The Evolution of 5-alpha Reductase Inhibition in Benign Prostatic Hyperplasia and Prostate Cancer Prevention

This report is based on medical evidence presented at sanctioned medical congress, from peer reviewed literature or opinion provided by a qualified healthcare practitioner. The consumption of the information contained within this report is intended for qualified Canadian healthcare practitioners only.

101st Annual Meeting of the American Urological Association

Atlanta, Georgia / May 20-25, 2006

The PCPT (Prostate Cancer Prevention Trial) involved 19,000 men 55 years or older with a normal digital rectal exam and prostate-specific antigen (PSA) level £3 ng/mL (Thompson et al. N Engl J Med 2003;349(3):215-24). They were randomized to the 5-alpha reductase inhibitor finasteride or placebo and followed for a maximum of seven years. The trial was stopped early when an interim analysis revealed a statistically significant 24.8% reduction in prostate cancer incidence in the active treatment group. If applied to the entire US population of men over the age of 50, the reduction would translate into 262,567 person-years of life saved over a 10-year period (Unger et al. Urol Oncol 2004;22(4):362-8).

“A Nobel laureate has come to the conclusion that a person-year of life saved in the US is worth about $200,000,” Dr. Ian M. Thompson, Chair and Professor, University of Texas Health Sciences Center, San Antonio, told delegates. “You can do the math and see that this is no trivial matter.”

Enthusiasm for the PCPT findings was tempered by the observation that actively-treated patients had a 6.4% prevalence of high-grade cancer (Gleason score 7-10), compared to 5.1% in the placebo group. Although small, the difference was statistically significant and evoked concern that the 5-alpha reductase inhibitor might have induced high-grade cancer, explained Dr. Thompson.

New Analyses of PCPT Data

Since publication of the PCPT findings, new analyses of data from this trial as well as other sources have dispelled the concern that finasteride induced high-grade cancer. The first piece of evidence emerged from the observation that the difference in high-grade cancer did not increase over time, a point noted in at least one letter to the editor written in response to the PCPT’s published results (Roehrborn CG. N Engl J Med 2003;349(16):1569-72). The increase in high-grade cancer occurred only in men who had the shortest exposure to finasteride (less than seven years). Among those who received the 5-alpha reductase inhibitor for a full seven years, the prevalence of high-grade cancer did not differ from the placebo group. If the agent had induced high-grade cancer, the difference from the placebo group would have been expected to increase over time with increased exposure. In the Breast Cancer Prevention Trial, for example, the difference in endometrial cancer risk increased over time with longer duration of exposure to tamoxifen (Fisher et al. J Natl Cancer Inst 1998;90(18):1371-88).
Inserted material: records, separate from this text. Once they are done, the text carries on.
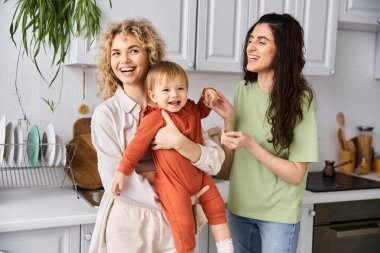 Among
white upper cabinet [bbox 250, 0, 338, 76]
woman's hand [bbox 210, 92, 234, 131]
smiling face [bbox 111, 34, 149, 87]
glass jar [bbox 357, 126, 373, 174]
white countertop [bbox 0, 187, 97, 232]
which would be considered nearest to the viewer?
smiling face [bbox 111, 34, 149, 87]

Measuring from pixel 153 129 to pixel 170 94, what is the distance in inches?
4.4

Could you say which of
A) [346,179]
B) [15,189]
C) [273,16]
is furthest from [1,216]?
[346,179]

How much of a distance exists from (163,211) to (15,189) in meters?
1.06

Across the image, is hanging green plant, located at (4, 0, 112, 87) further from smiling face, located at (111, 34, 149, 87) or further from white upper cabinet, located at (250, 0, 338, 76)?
white upper cabinet, located at (250, 0, 338, 76)

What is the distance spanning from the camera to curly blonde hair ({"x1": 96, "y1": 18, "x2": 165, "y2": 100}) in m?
1.37

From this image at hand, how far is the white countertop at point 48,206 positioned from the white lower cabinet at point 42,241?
5 cm

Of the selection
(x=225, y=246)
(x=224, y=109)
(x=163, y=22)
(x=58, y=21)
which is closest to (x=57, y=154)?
(x=58, y=21)

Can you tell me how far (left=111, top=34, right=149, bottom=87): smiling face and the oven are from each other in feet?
4.33

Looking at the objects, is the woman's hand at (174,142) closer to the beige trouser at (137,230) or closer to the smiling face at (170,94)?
the smiling face at (170,94)

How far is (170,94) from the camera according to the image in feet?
4.31

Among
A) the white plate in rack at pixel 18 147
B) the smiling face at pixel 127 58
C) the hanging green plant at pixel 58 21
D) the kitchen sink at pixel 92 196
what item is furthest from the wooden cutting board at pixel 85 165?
the smiling face at pixel 127 58

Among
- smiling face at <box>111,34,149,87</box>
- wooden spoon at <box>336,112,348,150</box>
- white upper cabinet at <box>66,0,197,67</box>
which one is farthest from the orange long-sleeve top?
wooden spoon at <box>336,112,348,150</box>

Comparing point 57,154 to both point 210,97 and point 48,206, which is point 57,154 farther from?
point 210,97

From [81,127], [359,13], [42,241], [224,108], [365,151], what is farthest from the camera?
[365,151]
At the AUA meeting, Dr. Thompson presented a new analysis of PCPT data, showing that a difference in PSA performance characteristics between finasteride and placebo explained, at least in part, the difference in high-grade cancer. The analysis involved 9700 men who had a biopsy and PSA measurement within one year of biopsy. The data provided the basis for calculating the sensitivity and receiver operating characteristic curve for cancer detection. For detection of any cancer, detection of Gleason 7+ cancer and detection of Gleason 8+ cancer, the area under the curve (AUC) was greater with the 5-alpha reductase inhibitor, reflecting greater sensitivity for cancer detection. “Finasteride significantly improves the operating characteristics of PSA for the early detection of cancer,” indicated Dr. Thompson. “Said otherwise, for any given value of specificity, sensitivity for cancer detection is improved and detection of high-grade cancer also is improved.”
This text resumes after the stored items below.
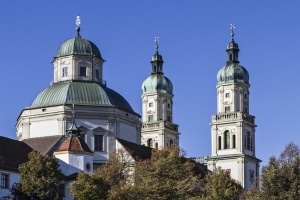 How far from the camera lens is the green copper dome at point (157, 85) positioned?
178 m

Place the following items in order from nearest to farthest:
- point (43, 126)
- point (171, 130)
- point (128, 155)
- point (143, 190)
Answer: point (143, 190), point (128, 155), point (43, 126), point (171, 130)

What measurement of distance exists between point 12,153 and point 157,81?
73055 millimetres

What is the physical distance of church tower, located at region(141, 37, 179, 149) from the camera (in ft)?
568

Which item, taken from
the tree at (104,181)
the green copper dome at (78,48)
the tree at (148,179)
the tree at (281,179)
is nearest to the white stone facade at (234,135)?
the green copper dome at (78,48)

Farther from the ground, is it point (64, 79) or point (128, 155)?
point (64, 79)

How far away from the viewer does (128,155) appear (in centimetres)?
11562

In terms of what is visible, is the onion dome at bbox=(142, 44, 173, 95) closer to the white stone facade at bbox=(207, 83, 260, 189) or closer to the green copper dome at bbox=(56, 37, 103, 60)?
the white stone facade at bbox=(207, 83, 260, 189)

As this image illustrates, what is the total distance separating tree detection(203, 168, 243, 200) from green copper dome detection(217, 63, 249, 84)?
7313 centimetres

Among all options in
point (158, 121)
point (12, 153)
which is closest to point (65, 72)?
point (12, 153)

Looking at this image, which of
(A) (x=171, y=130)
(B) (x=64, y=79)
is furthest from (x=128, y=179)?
(A) (x=171, y=130)

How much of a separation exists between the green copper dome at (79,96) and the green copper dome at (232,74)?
1581 inches

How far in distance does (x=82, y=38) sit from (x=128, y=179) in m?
38.0

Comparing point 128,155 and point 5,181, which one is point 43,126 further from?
point 5,181

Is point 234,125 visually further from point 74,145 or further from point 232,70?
point 74,145
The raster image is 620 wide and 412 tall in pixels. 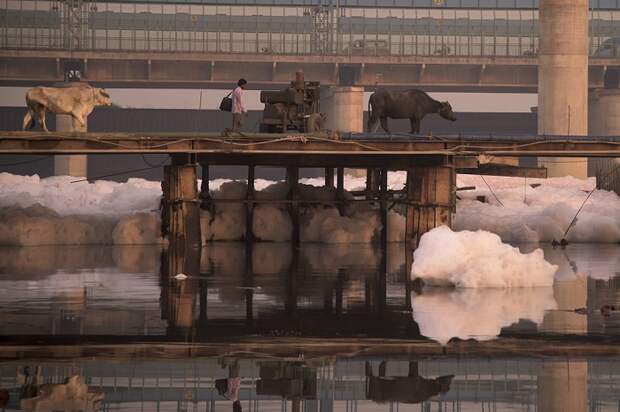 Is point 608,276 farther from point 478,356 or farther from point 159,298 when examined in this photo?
point 478,356

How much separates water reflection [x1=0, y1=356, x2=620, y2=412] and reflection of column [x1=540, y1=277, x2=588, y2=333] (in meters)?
3.70

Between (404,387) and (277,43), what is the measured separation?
81.4 meters

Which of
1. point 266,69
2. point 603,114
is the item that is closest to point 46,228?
point 266,69

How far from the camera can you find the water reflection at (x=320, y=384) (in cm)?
1731

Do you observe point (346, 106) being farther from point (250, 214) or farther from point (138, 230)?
point (138, 230)

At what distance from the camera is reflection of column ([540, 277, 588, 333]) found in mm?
24444

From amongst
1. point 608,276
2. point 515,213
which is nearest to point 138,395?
point 608,276

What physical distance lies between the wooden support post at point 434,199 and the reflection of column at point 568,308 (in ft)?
23.3

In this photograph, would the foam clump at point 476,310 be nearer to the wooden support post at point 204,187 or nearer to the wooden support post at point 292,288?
the wooden support post at point 292,288

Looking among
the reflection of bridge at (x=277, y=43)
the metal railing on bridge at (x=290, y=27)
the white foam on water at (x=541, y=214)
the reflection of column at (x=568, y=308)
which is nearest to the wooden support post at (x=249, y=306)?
the reflection of column at (x=568, y=308)

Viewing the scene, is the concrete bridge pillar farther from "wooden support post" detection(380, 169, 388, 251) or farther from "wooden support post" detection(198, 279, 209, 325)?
"wooden support post" detection(198, 279, 209, 325)

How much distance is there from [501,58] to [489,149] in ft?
178

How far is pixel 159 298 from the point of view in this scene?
2933 centimetres

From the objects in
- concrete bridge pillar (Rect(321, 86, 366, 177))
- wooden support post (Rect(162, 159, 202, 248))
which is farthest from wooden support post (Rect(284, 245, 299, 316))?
concrete bridge pillar (Rect(321, 86, 366, 177)) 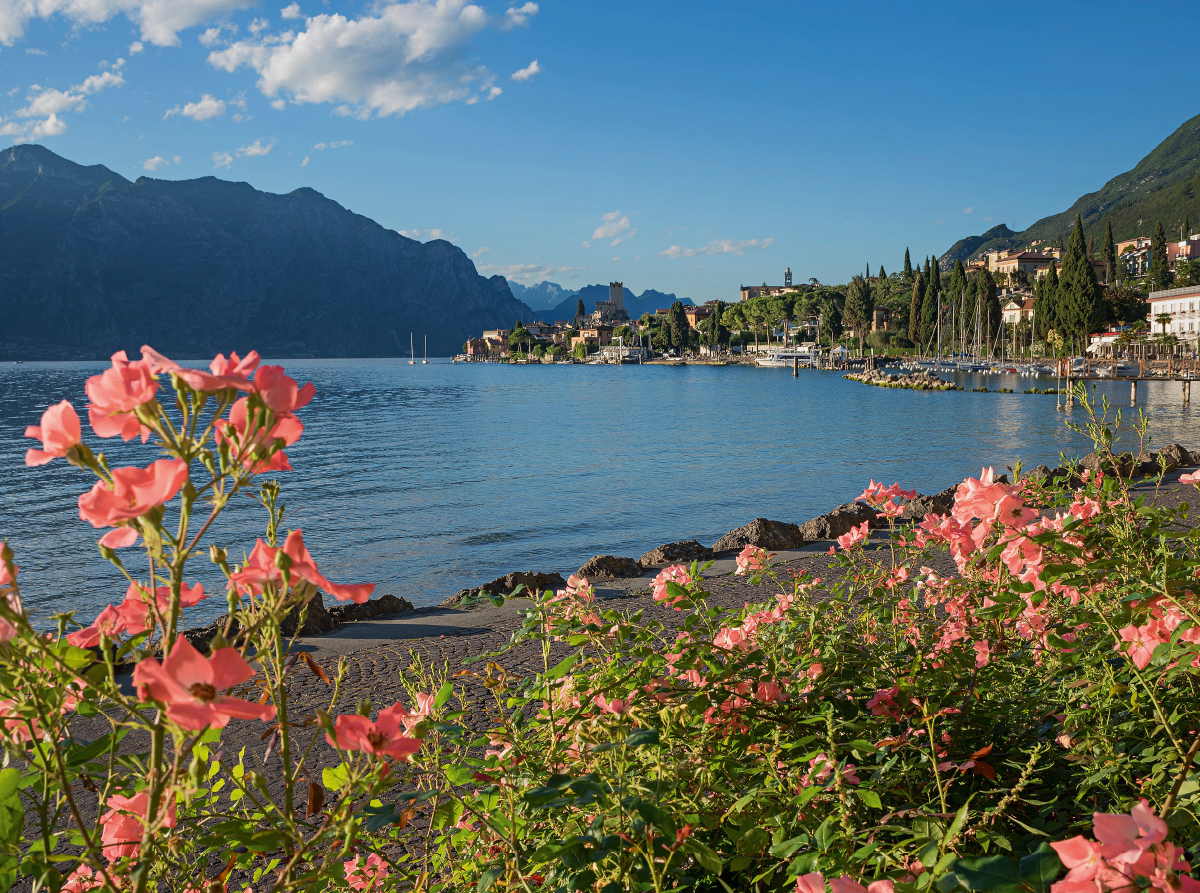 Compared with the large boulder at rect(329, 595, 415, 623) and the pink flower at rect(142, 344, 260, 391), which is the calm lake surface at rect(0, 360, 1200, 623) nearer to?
the large boulder at rect(329, 595, 415, 623)

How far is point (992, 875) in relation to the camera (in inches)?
34.0

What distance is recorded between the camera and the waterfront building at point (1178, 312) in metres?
67.4

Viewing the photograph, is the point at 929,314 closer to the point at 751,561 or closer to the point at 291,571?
the point at 751,561

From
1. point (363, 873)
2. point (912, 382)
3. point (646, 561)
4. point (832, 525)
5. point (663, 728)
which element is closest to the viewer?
point (663, 728)

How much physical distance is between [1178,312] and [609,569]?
82058 mm

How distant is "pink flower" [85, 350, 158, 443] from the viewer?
2.89ft

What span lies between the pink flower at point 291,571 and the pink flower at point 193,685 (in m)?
0.15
Another key piece of evidence was the recognition that patients in the PCPT active treatment arm had prostates that were 25% smaller than those of men in the placebo arm. The finding led to speculation that the reduction in gland size with the compound increased the proportion of the gland sampled with the sextant biopsy technique used in the PCPT. Investigators at the University of Toronto-Princess Margaret Hospital have reported evidence to corroborate that speculation. In a review of 369 cases of prostate cancer treated with radical prostatectomy, the likelihood that high-grade cancer was not detected on biopsy increased with gland volume (Kulkarni et al. J Urol 2006;175(2):505-9).

Prostate Volume and Cancer Detection

Additional evidence of the relationship between prostate volume and prostate cancer detection was evaluated by an international research group that included Drs. Luc Valiquette and Pierre Karakiewicz, Cancer Prognostics and Outcomes Unit, Université de Montréal, Quebec, in a study that involved 3412 patients who underwent radical prostatectomy. PSA ranged from 0.12 to 50 (median 6.7) and clinical stages were T1c in 66.6% of patients, T2 in 32.4% and T3 in 1%. Gleason scores at biopsy were £6 in 68.9% of patients, 7 in 28% and 8-10 in 3.1%, while prostate volume ranged from 11 to 214 cc (median 44 cc).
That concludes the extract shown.